■ **Supplied material**

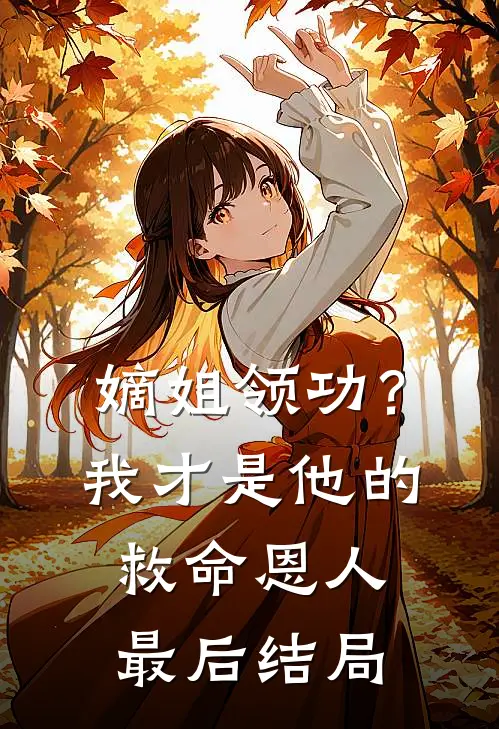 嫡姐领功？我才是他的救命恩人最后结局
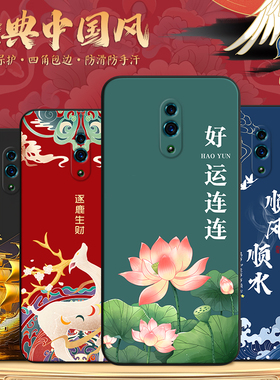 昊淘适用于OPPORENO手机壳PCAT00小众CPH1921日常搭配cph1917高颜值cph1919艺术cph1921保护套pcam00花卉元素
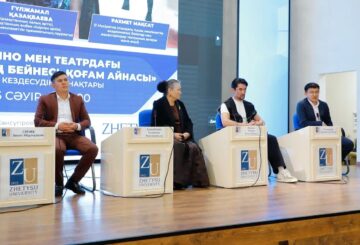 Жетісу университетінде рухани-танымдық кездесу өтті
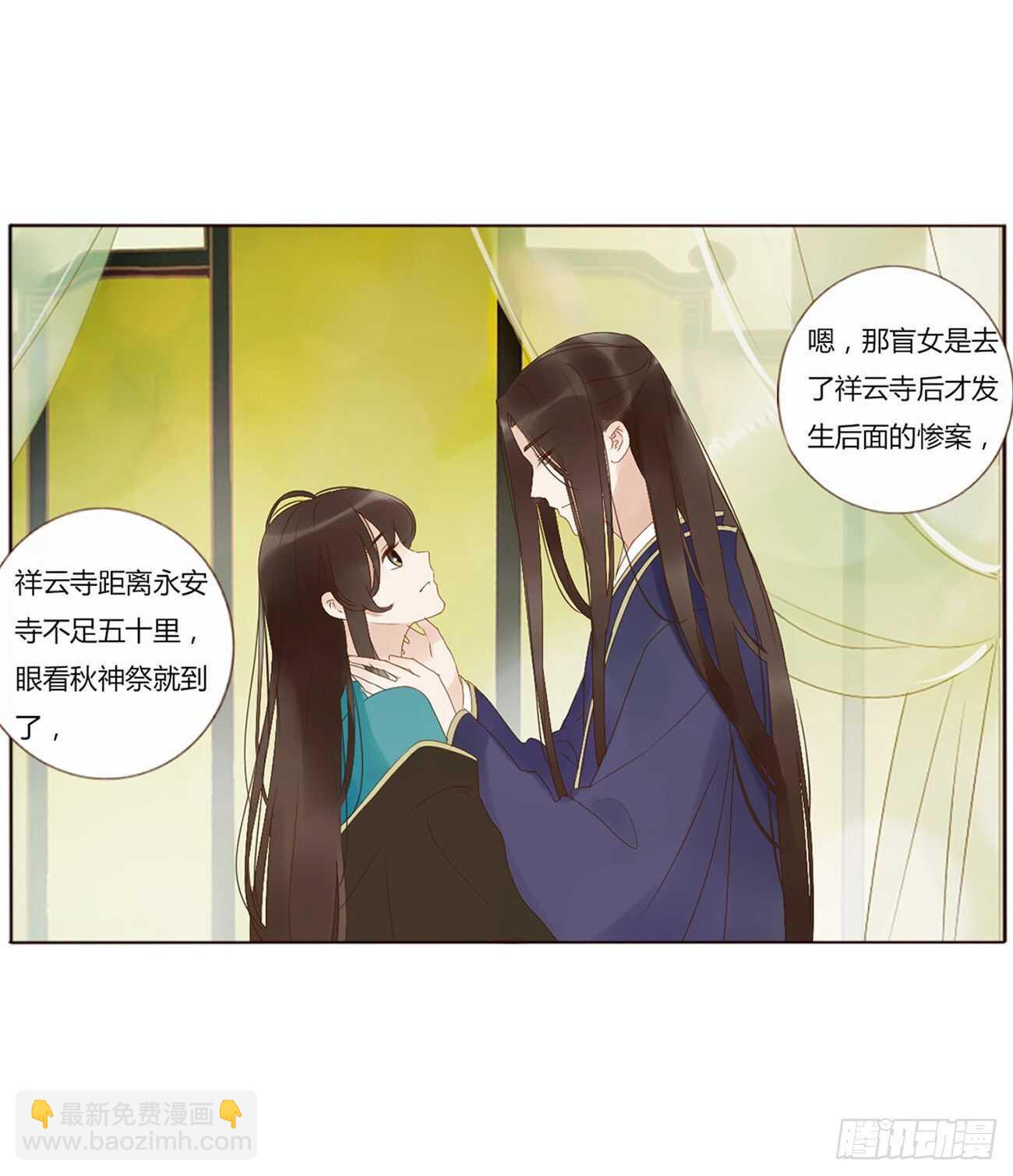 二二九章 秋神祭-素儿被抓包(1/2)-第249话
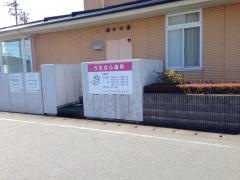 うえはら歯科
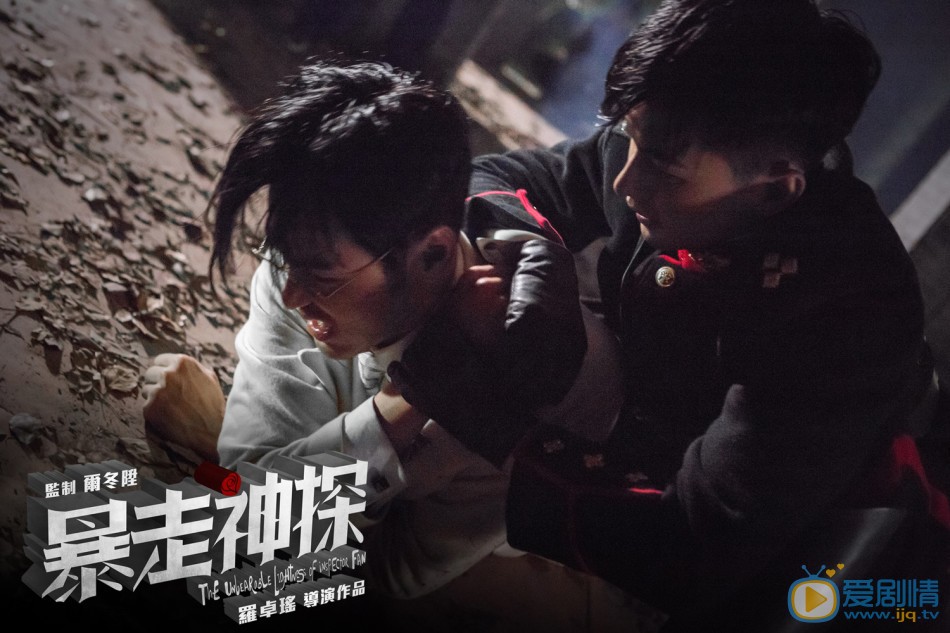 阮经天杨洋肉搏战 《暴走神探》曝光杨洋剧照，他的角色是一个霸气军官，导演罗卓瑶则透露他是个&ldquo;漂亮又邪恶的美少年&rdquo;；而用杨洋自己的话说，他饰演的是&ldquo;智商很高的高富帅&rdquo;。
...
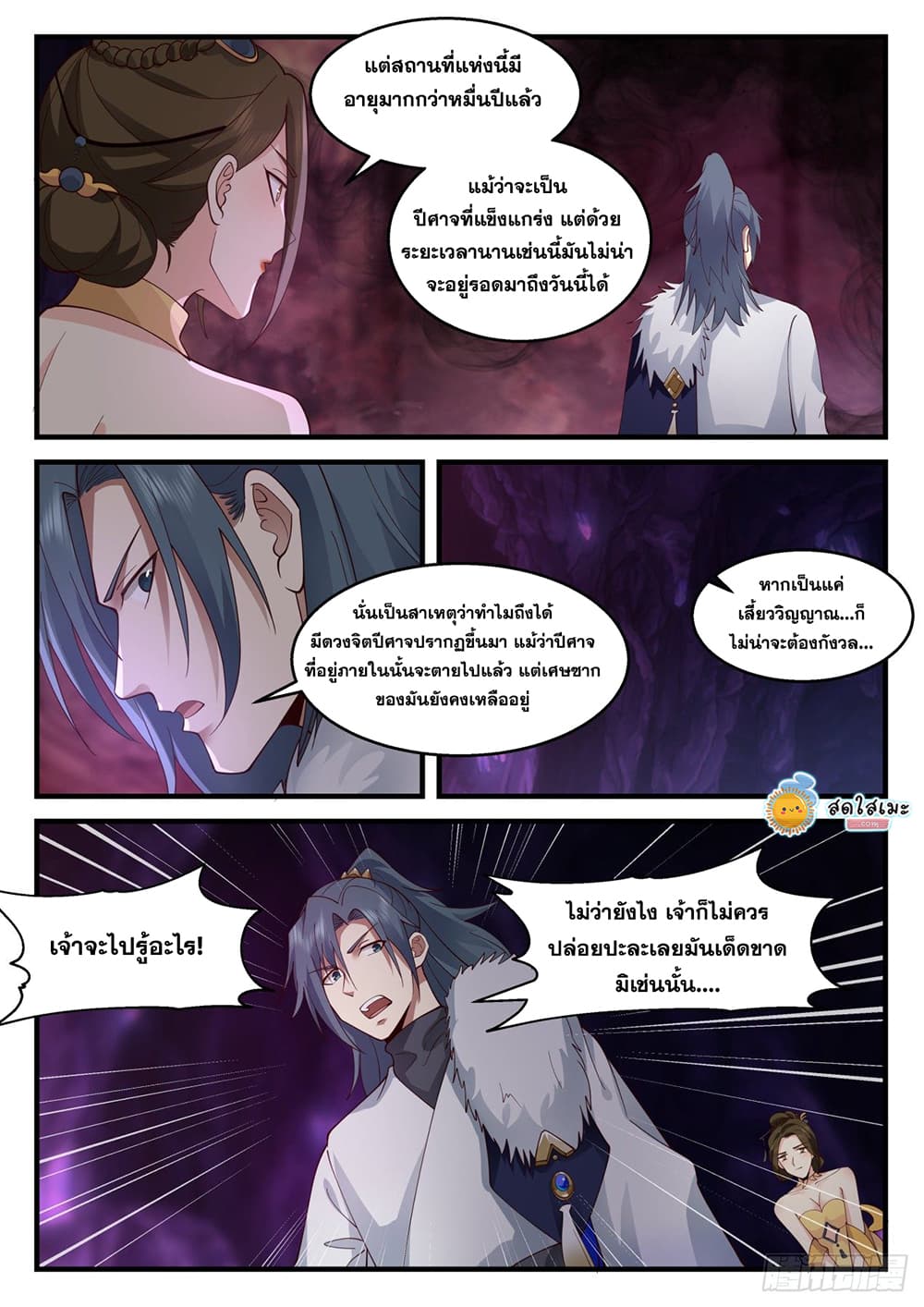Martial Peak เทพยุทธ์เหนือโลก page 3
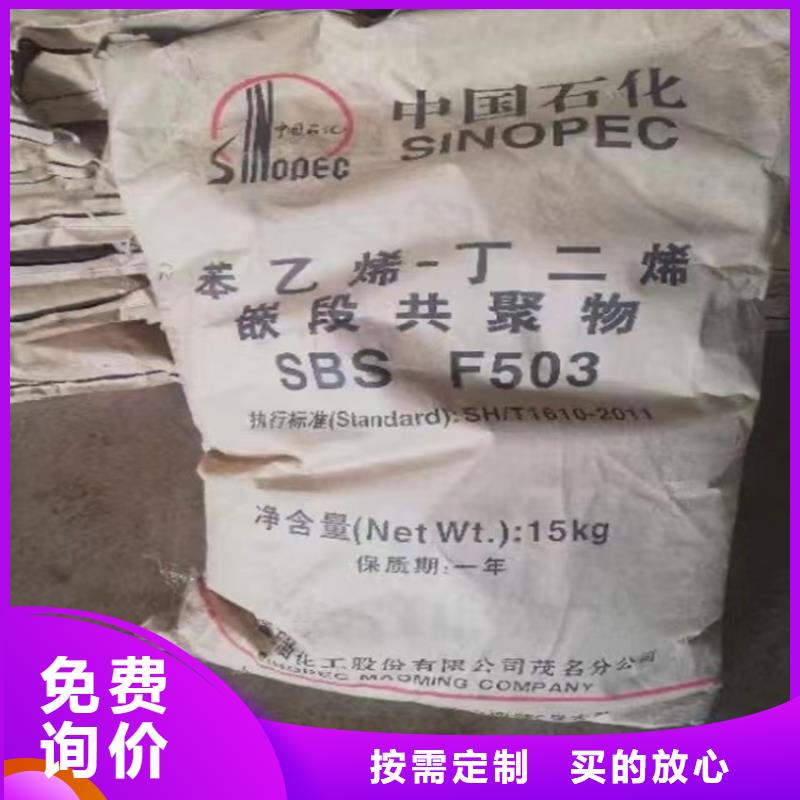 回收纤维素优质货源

■ **What to work on**
In the records above, find the line with "嫡姐领功？我才是他的救命恩人最后结局" and the line with "阮经天杨洋肉搏战 《暴走神探"; please transcribe exactly those two lines and all lines between them, omitting any picture.

■ **Exercise answer**
 嫡姐领功？我才是他的救命恩人最后结局
 昊淘适用于OPPORENO手机壳PCAT00小众CPH1921日常搭配cph1917高颜值cph1919艺术cph1921保护套pcam00花卉元素
 Жетісу университетінде рухани-танымдық кездесу өтті
 二二九章 秋神祭-素儿被抓包(1/2)-第249话
 うえはら歯科
 阮经天杨洋肉搏战 《暴走神探》曝光杨洋剧照，他的角色是一个霸气军官，导演罗卓瑶则透露他是个&ldquo;漂亮又邪恶的美少年&rdquo;；而用杨洋自己的话说，他饰演的是&ldquo;智商很高的高富帅&rdquo;。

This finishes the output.